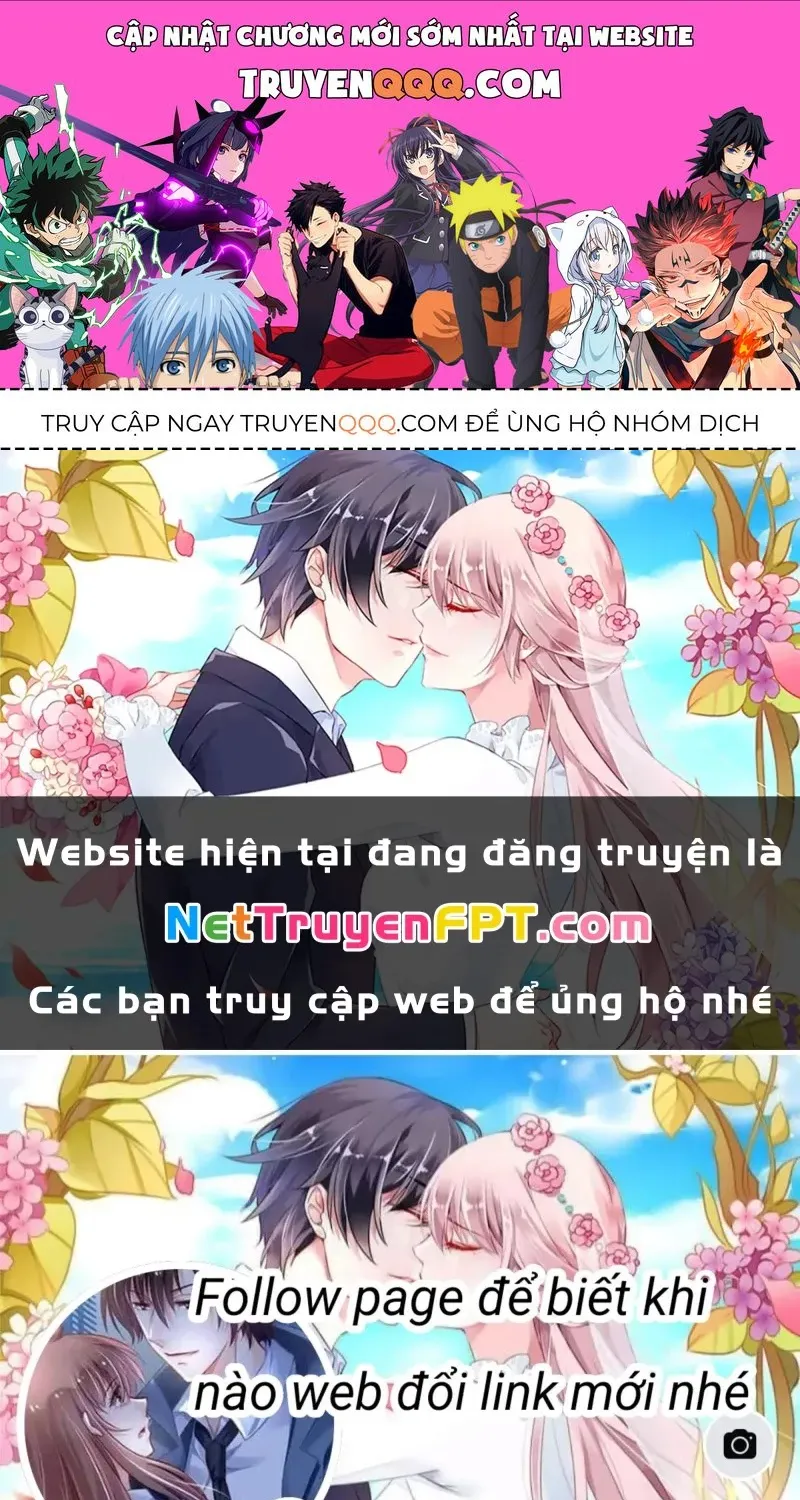 Có Linh Thú Tập 9 trang 1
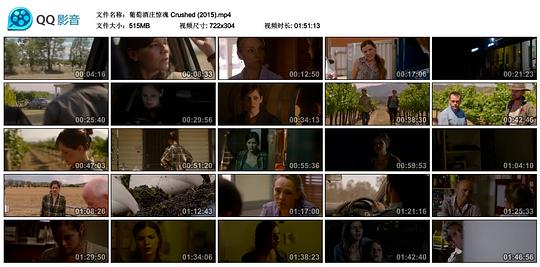 电影《葡萄酒庄惊魂  Crushed》（2015澳大利亚）--高清4K/1080P迅雷BT资源下载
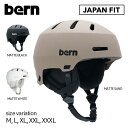 【30日限定10％OFF★1日限定11%OFFクーポン配布中!】BERN WT TEAM MACON 2.0 バーン ヘルメット メーコン マコーン マコン プロテクター BMX スキー WINTER スノーボード スキー メンズ レディース 1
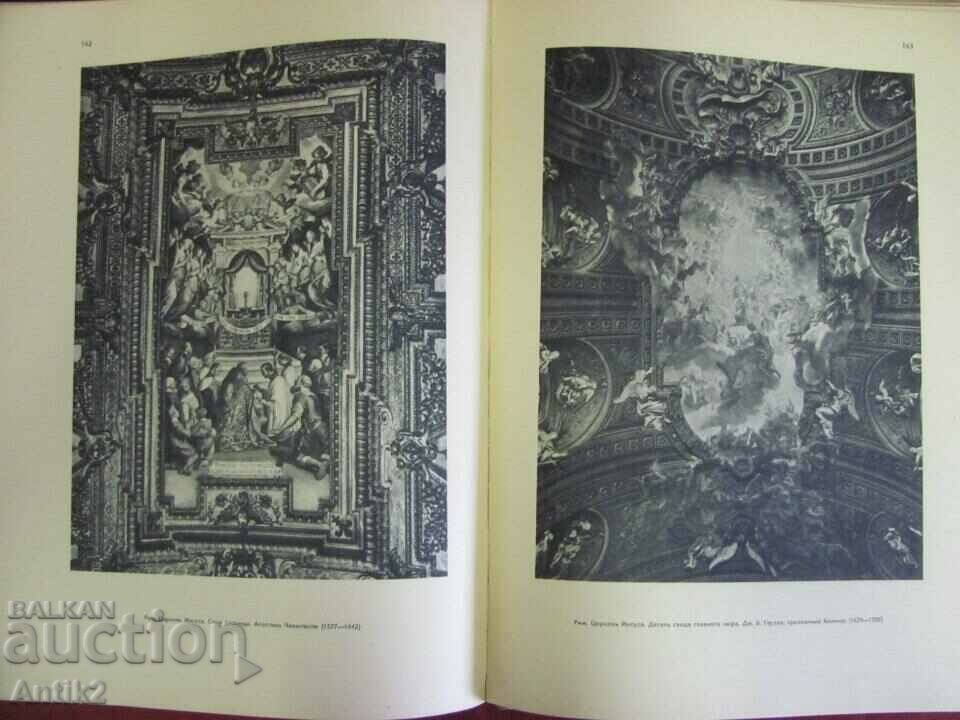 1974 O carte despre arhitectura italiană - 6 1974 O carte despre arhitectura italiană - 6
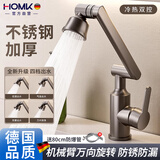 HOMK【德国】水龙头洗脸盆不锈钢面盆卫生间洗手盆洗手池冷热水龙头
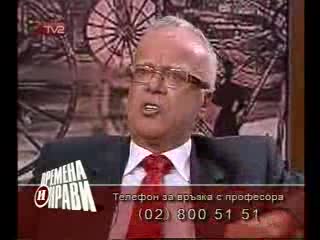 Дете Се Гаври С Професор Вучков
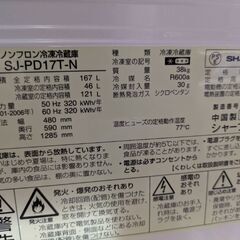 シャープ　ノンフロン冷凍冷蔵庫　SJ-PD17T-N 2011年製の画像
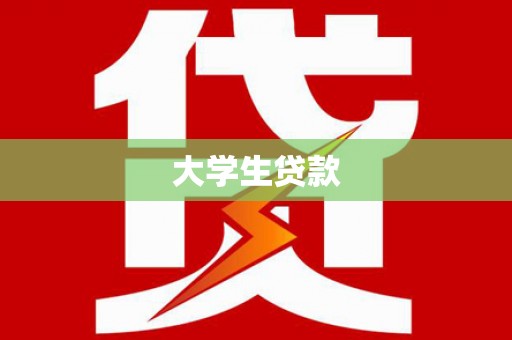 临县大学生贷款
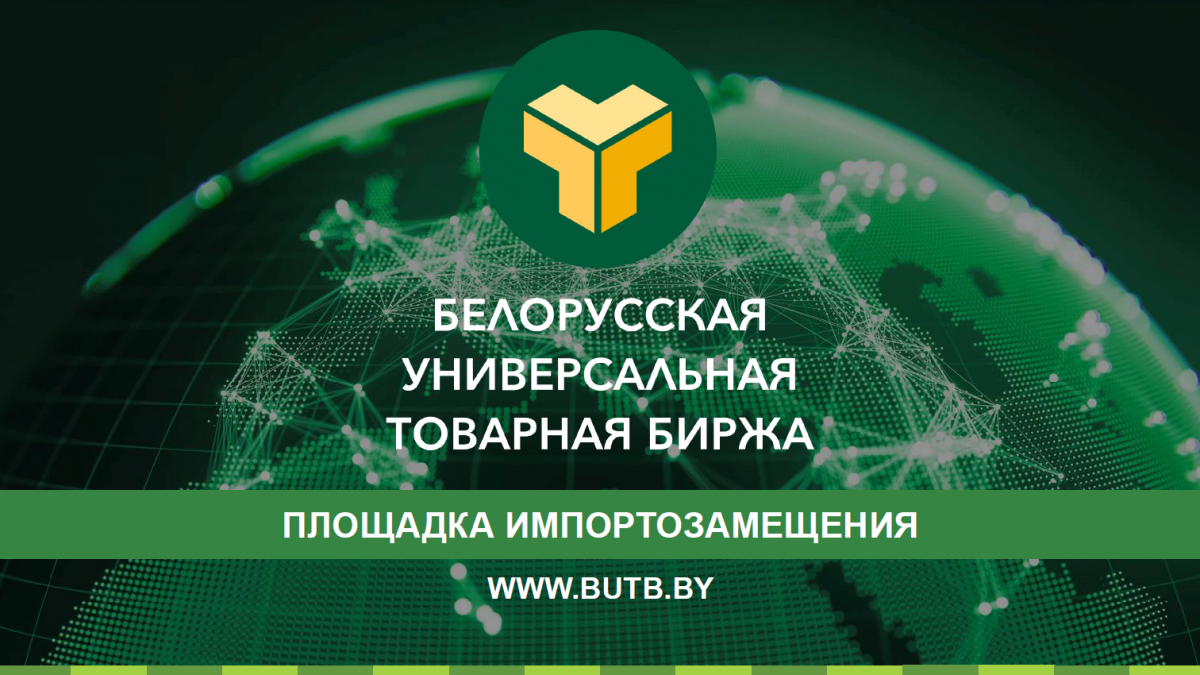 Площадка по импортозамещению на Белорусской универсальной товарной бирже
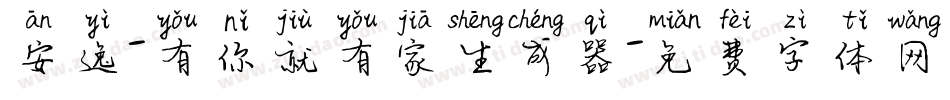 安逸-有你就有家生成器字体转换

===

● **Exercise objective**: Where the line with "Площадка по импортозамещению" appears in the entries above, begin there and restate every line to the end word for word, minus the pictures.

● **Written answer**:
 Площадка по импортозамещению на Белорусской универсальной товарной бирже
 安逸-有你就有家生成器字体转换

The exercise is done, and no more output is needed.